● What this task involves
Exactly the lines from the line that has "9740 La Canada" through the final line below are to be retyped, and the pictures are not.

● Source data
**********
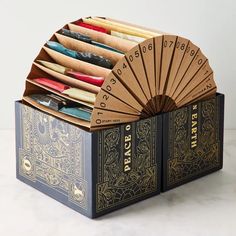 an open box with several different types of paper in it and a fan on top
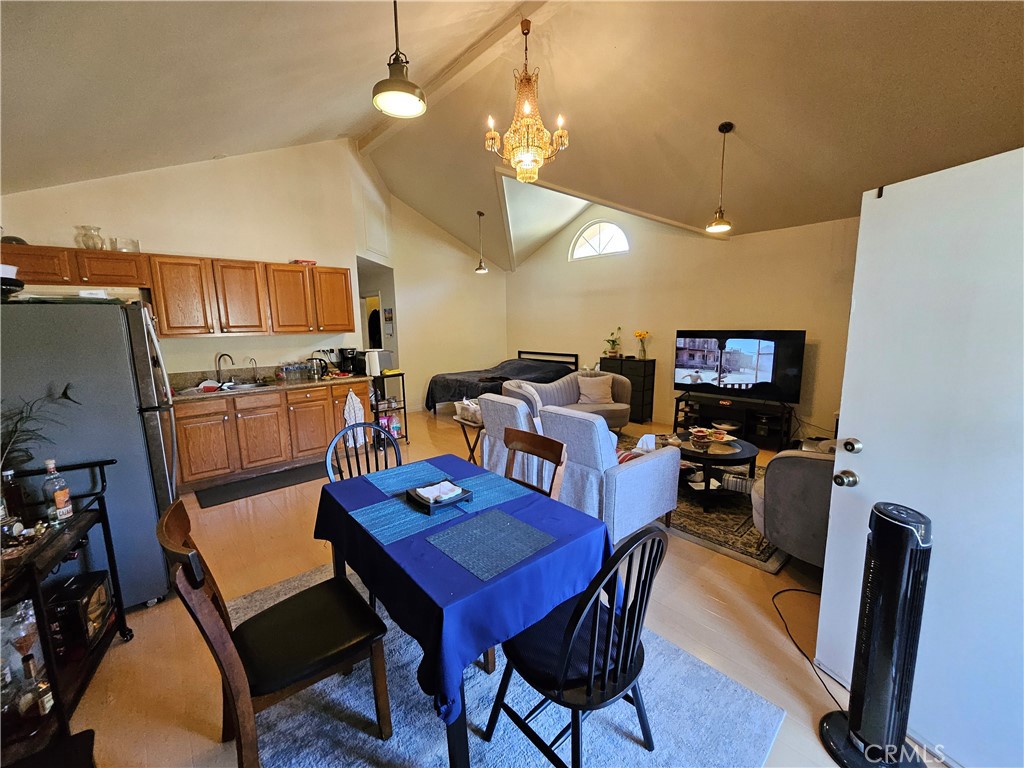 9740 La Canada Way Shadow Hills, CA 91040 - Photo 28 of 28 a view of a dining room with furniture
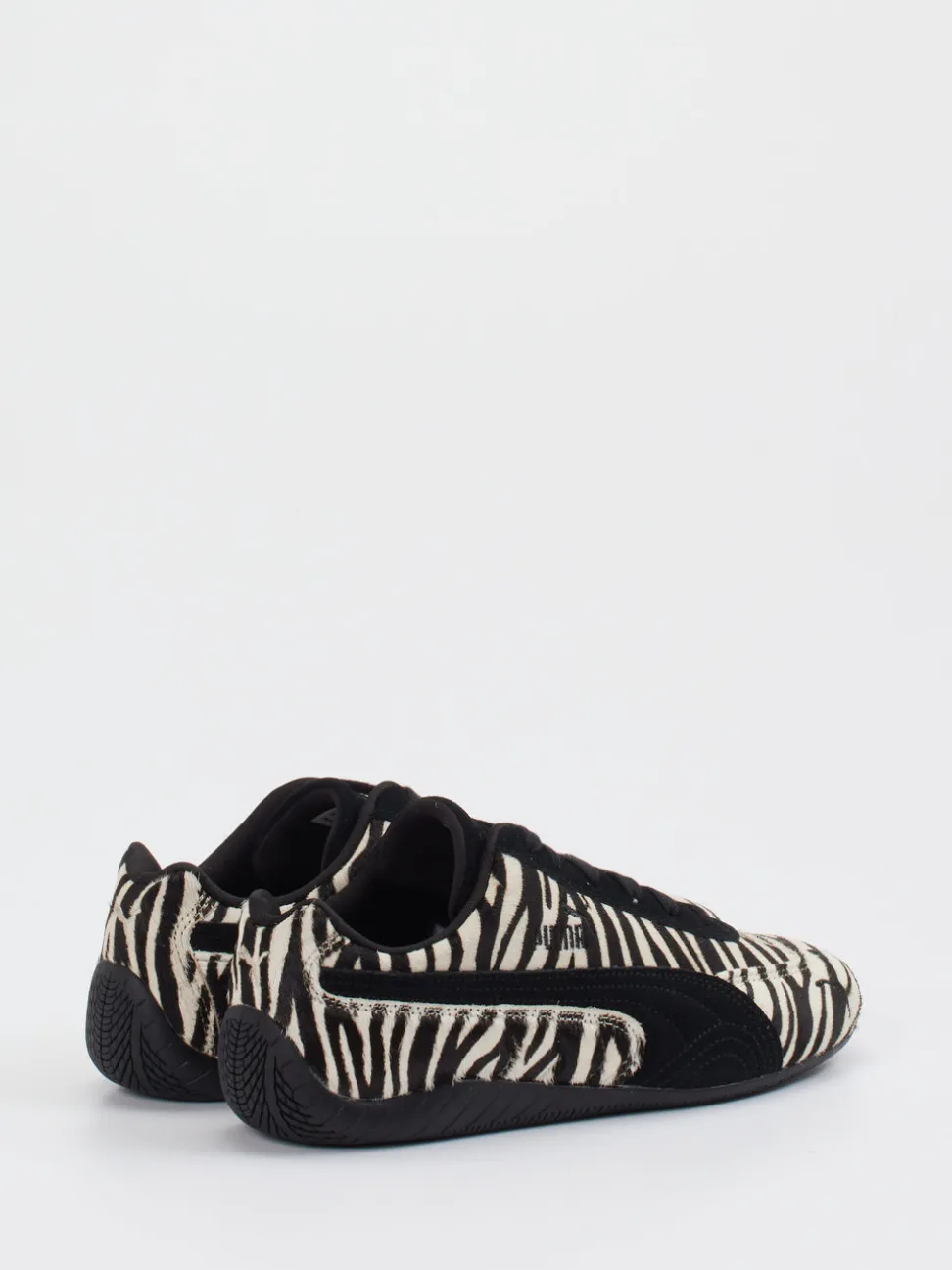 Puma – Sneaker aus Veloursleder und Fellstruktur schwarz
**********
● Solution for this task
 9740 La Canada Way Shadow Hills, CA 91040 - Photo 28 of 28 a view of a dining room with furniture
 Puma – Sneaker aus Veloursleder und Fellstruktur schwarz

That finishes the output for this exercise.